Israel  would subdue the land–conquer this  enemy–by being  obedient to 
God.  Adam could also  subdue the land–conquer the  enemy who threatened–by
being obedient to God.  The parallelism being the two situations of Adam and
Israel is certainly striking.

    But who was this enemy in Eden?  It surely was not someone who already
occupied the land, for  the creation was good.  The  enemy was someone who had
become jealous of  God.  He, too, wanted to be a King.  This enemy was one of
the highest of the angels, Lucifer.  His  envy would  lead him  to a  terrible
act.  The New Testament points to  this envy  and pride  of Lucifer  who
became the devil, Satan.  In I Timothy 3:6 we read:

    He  must not be a recent convert,  or he may be puffed up with
    conceit and fall into condemnation of the devil.
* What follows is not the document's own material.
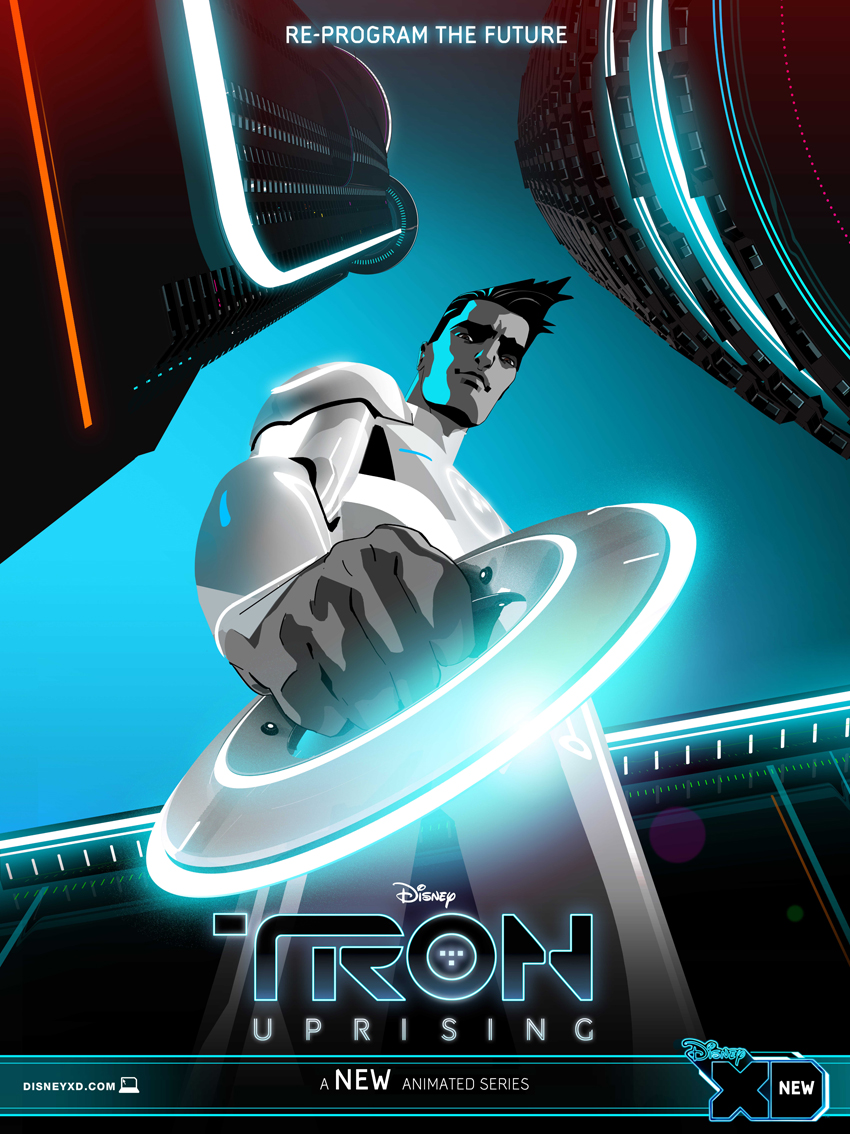 tron uprising poster mielgo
    And in James 3:14, 15 the Scriptures declare:

    But if  you have bitter jealousy and  selfish ambition in your
    hearts, do not  boast and be false to  the truth.  This wisdom
    is  not  such  as  comes  down  from  above,  but  is earthly,
    unspiritual, devilish.

    Apparently,  the  sin  of  pride  was  driving Lucifer to this overt act
of rebellion against God.  And the creation of the world provided  the  golden 
opportunity.  If  he could enslave man, he would automatically become King of
this beautiful creation.  Since Adam  had been  given dominion  over it,  the
master of Adam would also be master of all which was subordinate to Adam.

    But how could Adam  subdue this potential enemy?  How  did the Israelites 
subdue the land  of Canaan?  By  obedience to God.  In the measure they obeyed
God, they came into possession of the land of Canaan.  God would lead in the
destruction of the enemy.

    One man of you puts to flight a thousand, since it is the Lord
    your God who fights for you, as he promised you (Josh. 23:10).

    In the measure they disobeyed, they became slaves to the enemy in the
land.  The several hundred  years of history,  recorded in the book  of
Judges,  give vivid  testimony to  their enslavement, which followed when they
did not obey God by destroying  the enemy who also claimed ownership to the
land.

    Adam,  of  course,  failed  the  test.  Lucifer came into the garden and
the  battle was joined.  He apparently took on the form of a serpent for it 
was the wisest of all the animals (Gen. 3:1).  The  Hebrew  word  for 
“subtle”  or  “crafty”  in  the  verse  is translated most  often in the Bible
as “prudent.”  Of all creation this  wisest of  all animals  would most 
easily be obeyed by Eve.  He, of  course, did  not join  the battle  head on 
with Adam.  He carefully planned his  strategy by capturing a lower echelon
ruler first.  Then her obedience to Satan  would insure victory over the king,
Adam, himself.  Satan follows the same technique today as he seeks to
overthrow the work of Christ by working through the bride of Christ, the
Church.

    I  feel a  divine jealousy  for you,  for I  bethrothed you to
    Christ to present you as a pure bride to her one husband.  But
    I am afraid  that as the serpent deceived  Eve by his cunning,
    your  thoughts  will  be  led  astray  from a sincere and pure
    devotion to Christ (IICor. 11:23).

    Adam was to  subdue the earth  by destroying Satan.  He could assure the
destruction  of Satan by his perfect  obedience to God.  This understanding of
the word “subdue” (kabash) matches the usage of this word elsewhere in the
Scriptures.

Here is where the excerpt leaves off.